Über ein absurdes Pfeilsystem im shopping mall Sophienhof flächendeckend ausgewiesen, ist das „Kulturviertel“ der Stadt Kiel nicht leicht zu finden, und wenn gefunden, ein Schock: ein gebogener Schlauch über mehrere Etagen, der Veranstaltungsraum zugestellt von billigen weißen Klappstühlchen, deren Mickrigkeit durch fette Betonsäulen betont wird. Durch die bogenartige Anordnung der Säulen ist es unmöglich, von hinten links, wo der Treppenzugang ist und bis zum Konzertbeginn Leute hereinströmen, selbst stehend irgend etwas zu sehen. Die Bühne, klein und von einer abfallenden Decke zusätzlich gedrückt, ist so ein Talkshow-Ensemble, im Rücken der Künstler ein Kunststoffparavent mit expressionistischen Intarsien; der kleine Chic des Atombunkers fürs kulturhungrige Volk.

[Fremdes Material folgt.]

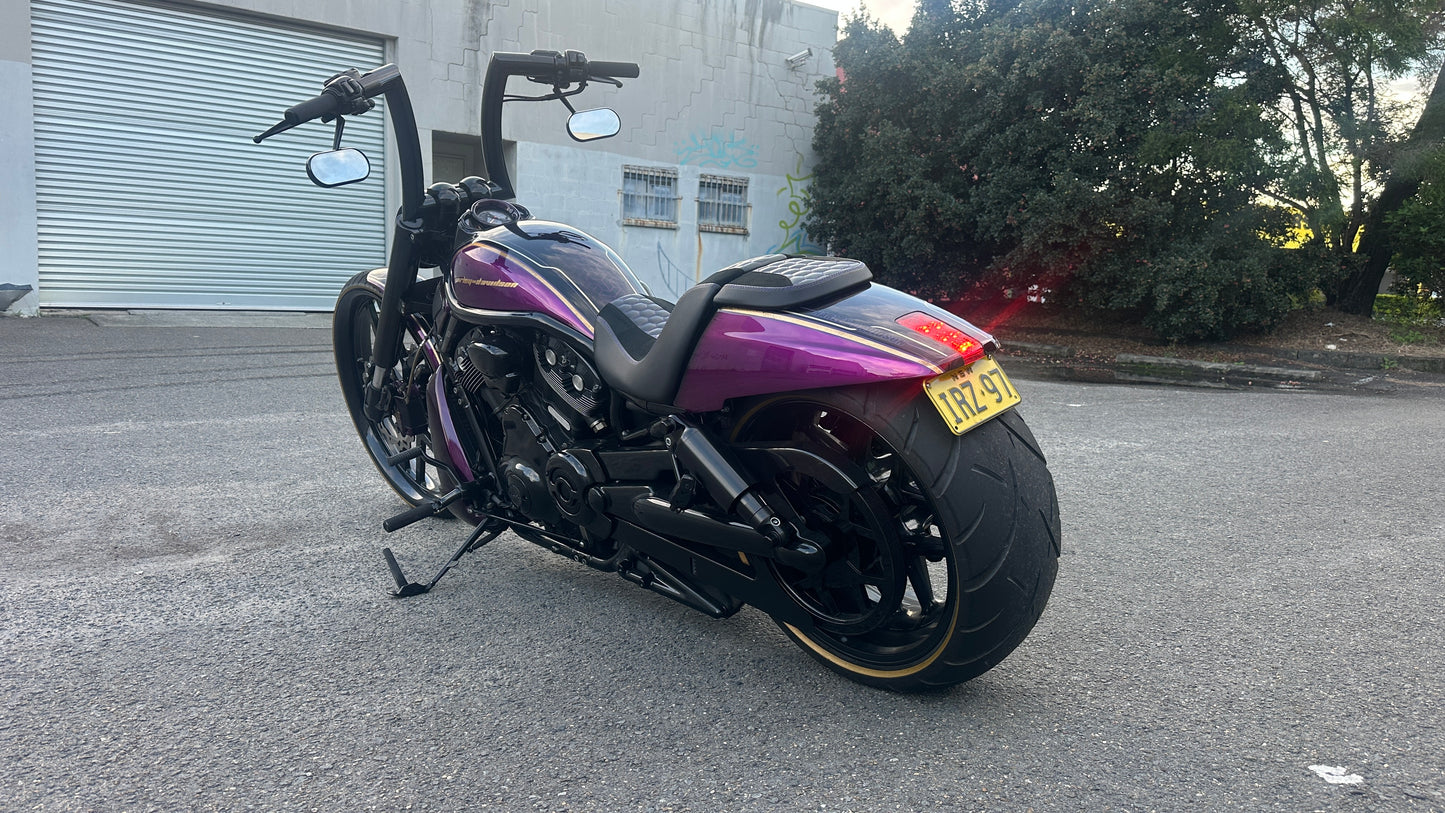Purple and black Harley Davidson on the street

Und für die Künstler ein Backstagezimmer von vielleicht fünf Quadratmetern, ein fensterloser weißer Kasten ohne direkten Zugang zu den Toiletten. Wer hier spielt, muß noch Übleres gesehen haben oder ein gutes Honorar mitnehmen.

Aki Takase, die in Berlin lebende Pianistin japanischer Herkunft, trifft zum ersten Mal auf Fred Frith, die westliche Integrationsfigur jener Musik across the border, für die sein Name steht. Gleich im ersten Stück zeigt sich, daß die Begegnung nicht risikolos ist: während Frith an der Gitarre innerhalb von Minuten ein enormes Klangspektrum entfaltet: etwas von Glockenspiel, Trommeln, Heulen und Nachhall, bleibt Takase zunächst gefangen im sportlich anmutenden Umgang mit dem präparierten Klavier.

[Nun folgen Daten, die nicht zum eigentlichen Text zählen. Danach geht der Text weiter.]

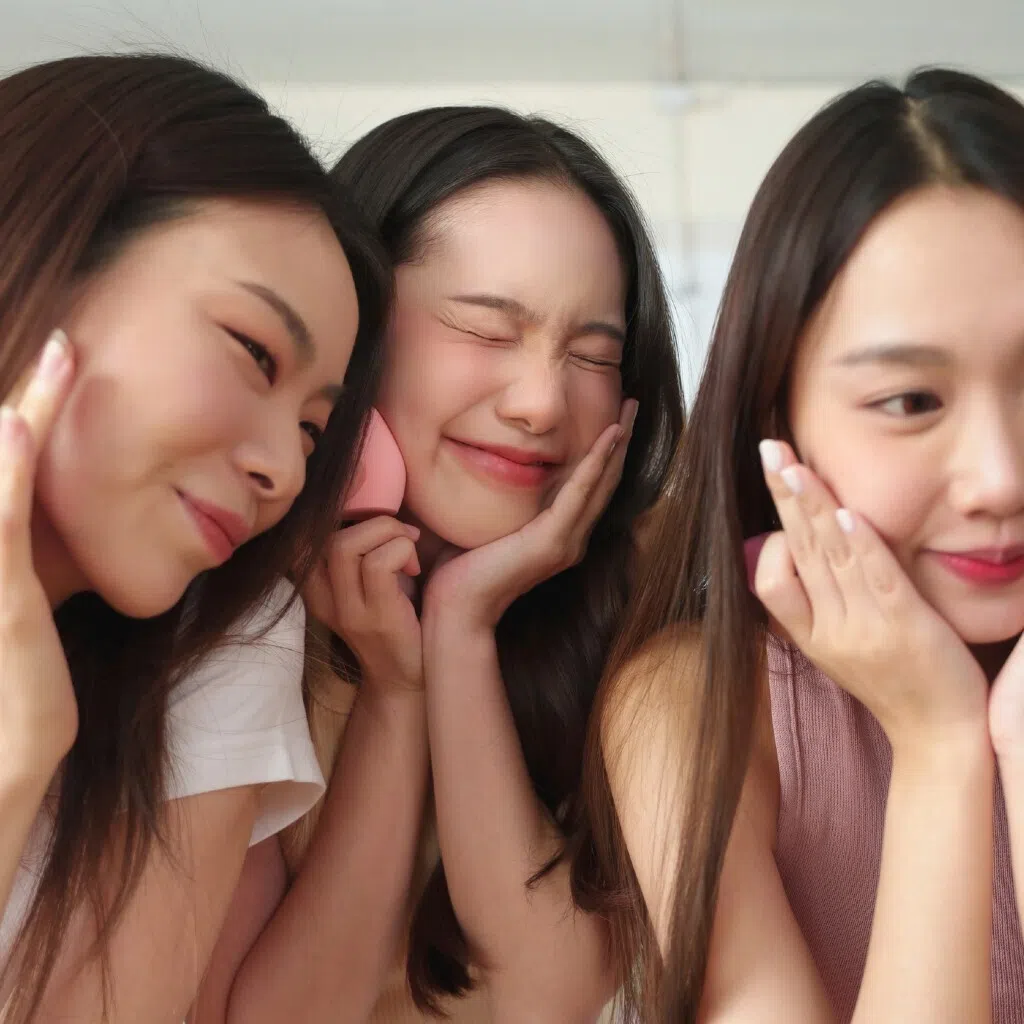 Three girls bonding over makeup and skincare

Im zweiten Stück, das mit einer drahtig scheppernden Boogie- Woogie-Parodie einsetzt, ist die Balance plötzlich hergestellt. Die Reste einer dialogischen Musik („jam session“) werden metallisch zerkrümelt und vor den Ohren der Zuschauer zu kleinen Tinguelys zusammengeschweißt. Es wirkt keineswegs überspannt, wenn Frith, die tiefe E-Saite über den Wirbel geschwind manipulierend, einem Lauf von Takases rechter Hand hinterherjagt.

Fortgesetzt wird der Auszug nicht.